Le CESE évoque le risque d’une médecine à deux vitesses

Certaines dispositions du projet de loi risquent d'encourager l’exclusion sociale selon les sages du CESE marocain.

Le CESE évoque le risque d’une médecine à deux vitesses
Samir El Ouardighi
Le 19 décembre 2014 à 13h49 | Modifié 19 décembre 2014 à 13h49

Sollicité par la chambre des Représentants le 29 octobre dernier, le CESE a rendu publiques des conclusions critiques sur ce projet de loi qui doit réformer l’exercice de la médecine au Maroc. L’avis du Conseil a été adopté à l’unanimité ce jeudi 18 décembre.

Ses membres ont déploré le fait d’avoir été saisis par une chambre basse qui ensuite n’a pas hésité à adopter le PL 131.13 sans attendre leur avis. Ils ont souligné que cette manière était une première dans l’histoire du CESE.

Le texte de loi en question propose de diversifier les modes d’exercice de la médecine grâce à de nouveaux modes de financement et de gestion des structures privées comme les cliniques ou les cabinets privés.
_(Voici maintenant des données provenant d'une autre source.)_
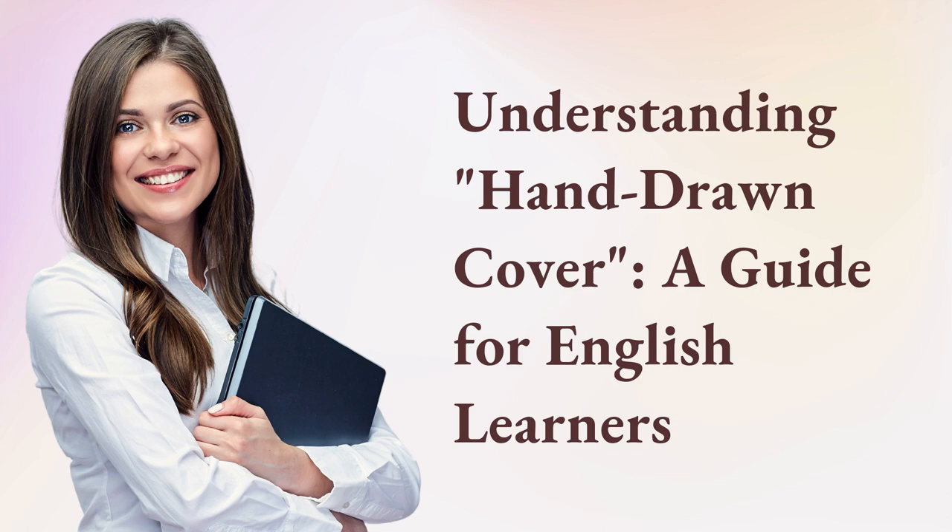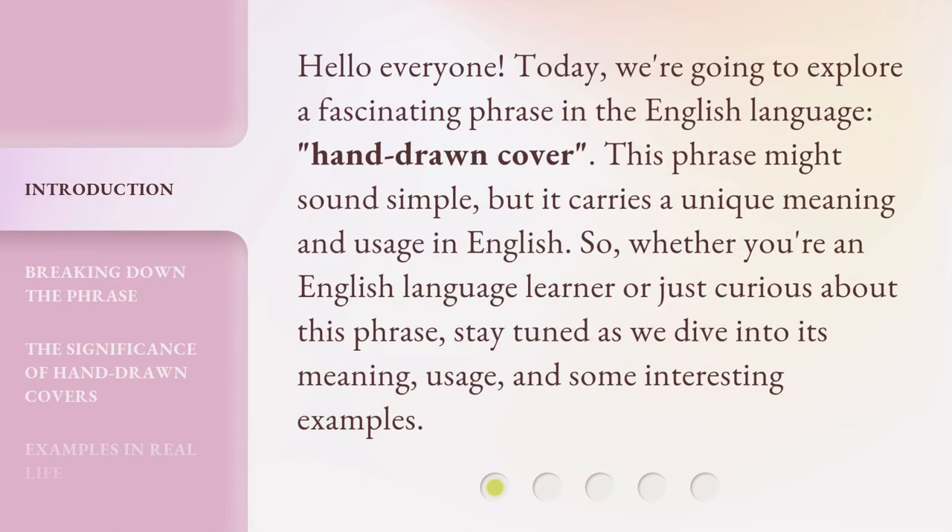Understanding Hand-Drawn Cover: A Guide for English Learners. Hello everyone! Today, we're going to explore a fascinating phrase in the English language — Hand-Drawn Cover. This phrase might sound simple, but it carries a unique meaning and usage in English. So, whether you're an English language learner or just curious about this phrase, stay tuned as we dive into its meaning, usage, and some interesting examples.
C’est l’article 60 du projet de loi qui retient tout particulièrement l’attention du CESE car s’il est finalement adopté par les deux chambres, les cliniques pourront être créées par des sociétés commerciales formée «de non-médecins ou de médecins et de non-médecins, ou par toute autre personne morale de droit privé».

Cette disposition ne contribuera pas à l’amélioration de l’offre de soins pour tous au niveau national car les investisseurs cibleront les grands pôles urbains pour des raisons lucratives. Le projet de loi 131.13 ne dispose pas de garde-fou pour garantir les droits des patients et contrôler les prix des prestations de santé du secteur privé car il n’a pas fait l’objet d’une étude préalable d’impact.

Interrogé par notre rédaction, un membre du conseil estime que «la santé publique ayant failli dans sa mission, on choisit le secteur privé pour pallier à ses défaillances» (…) cela permettra de développer le tourisme médical au détriment des 35% de Marocains qui ne disposent pas de couverture médicale. «On fait entrer le loup dans la bergerie car le seul intérêt des nouveaux investisseurs autorisés à financer des cliniques est éminemment lucratif».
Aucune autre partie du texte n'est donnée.